*INFORMATION SUPPLIED*.

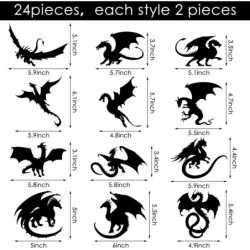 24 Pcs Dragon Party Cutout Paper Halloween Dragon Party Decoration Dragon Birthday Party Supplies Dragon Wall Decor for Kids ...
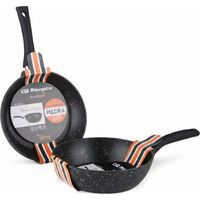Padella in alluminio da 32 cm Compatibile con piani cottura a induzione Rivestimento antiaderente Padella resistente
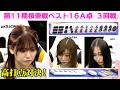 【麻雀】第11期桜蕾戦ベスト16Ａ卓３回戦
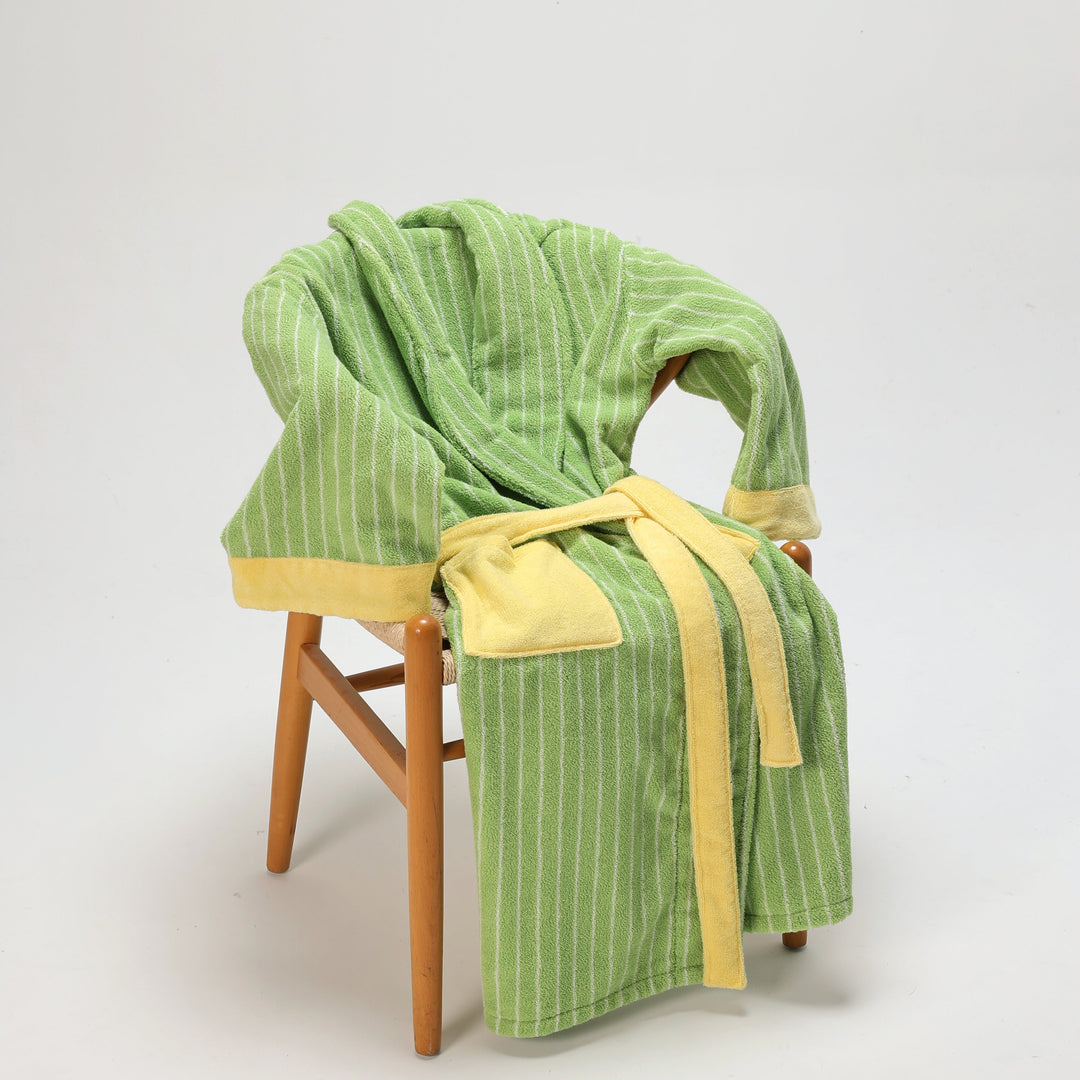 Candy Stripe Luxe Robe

*WHAT IS NEEDED*.
Keep the pictures out of the copy and return the rest of the data above exactly.

*ANSWER BOX*.
 24 Pcs Dragon Party Cutout Paper Halloween Dragon Party Decoration Dragon Birthday Party Supplies Dragon Wall Decor for Kids ...
Padella in alluminio da 32 cm Compatibile con piani cottura a induzione Rivestimento antiaderente Padella resistente
 【麻雀】第11期桜蕾戦ベスト16Ａ卓３回戦
 Candy Stripe Luxe Robe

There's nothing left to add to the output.